Assignment: Your copy should match the entries below exactly, apart from the images.

Records shown:
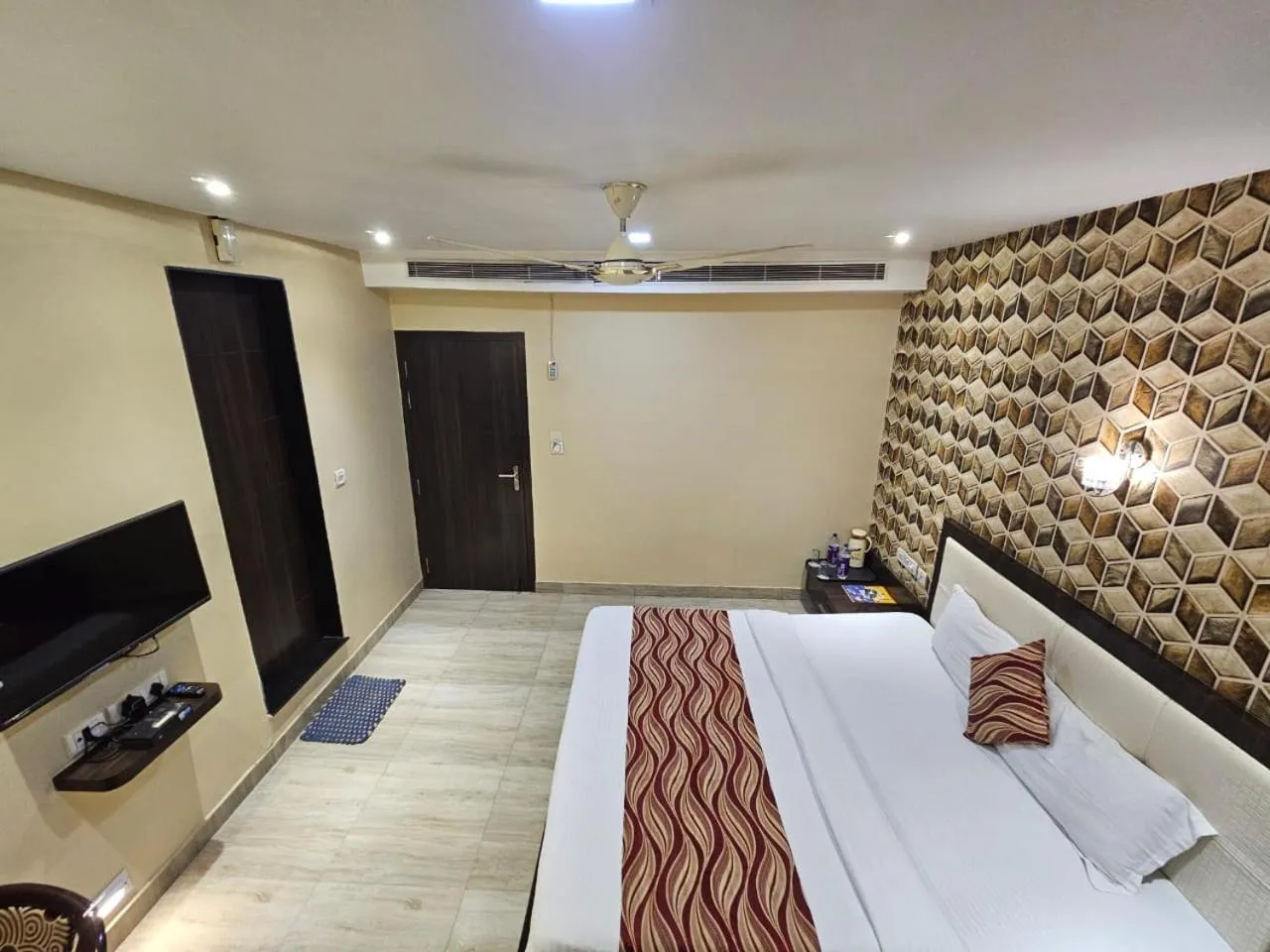 Bed in Royal Guest House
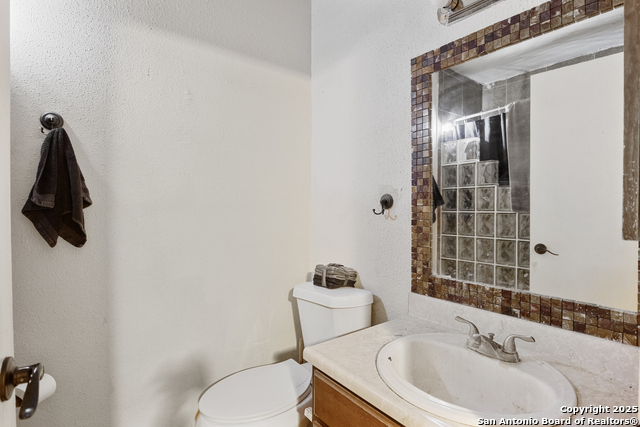 Listing photo id 8 for 1019 Cloverbrook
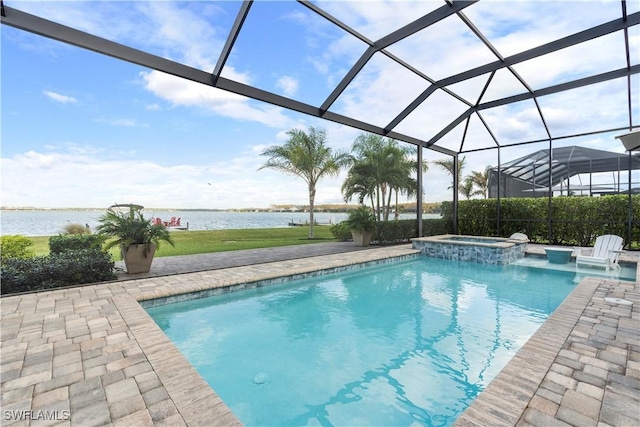 view of swimming pool with an in ground hot tub, a water view, a patio, and a lanai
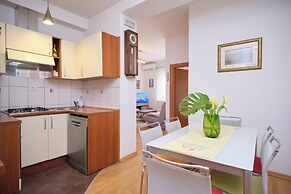 Old Town Art Apartment Split by Litto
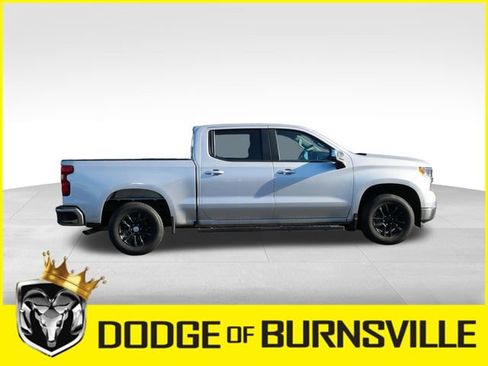 Used 2022 Chevrolet Silverado 1500 LT image 11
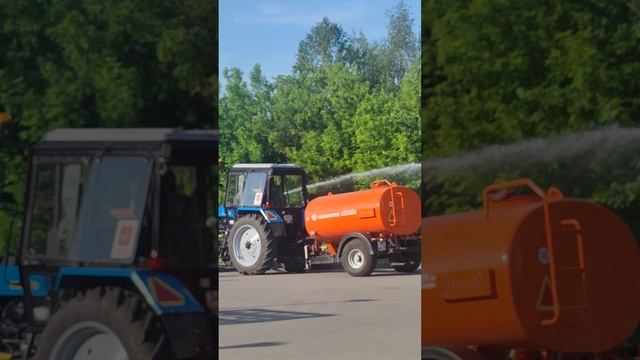 поливают водой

Finished exercise:
 Bed in Royal Guest House
 Listing photo id 8 for 1019 Cloverbrook
 view of swimming pool with an in ground hot tub, a water view, a patio, and a lanai
 Old Town Art Apartment Split by Litto
 Used 2022 Chevrolet Silverado 1500 LT image 11
 поливают водой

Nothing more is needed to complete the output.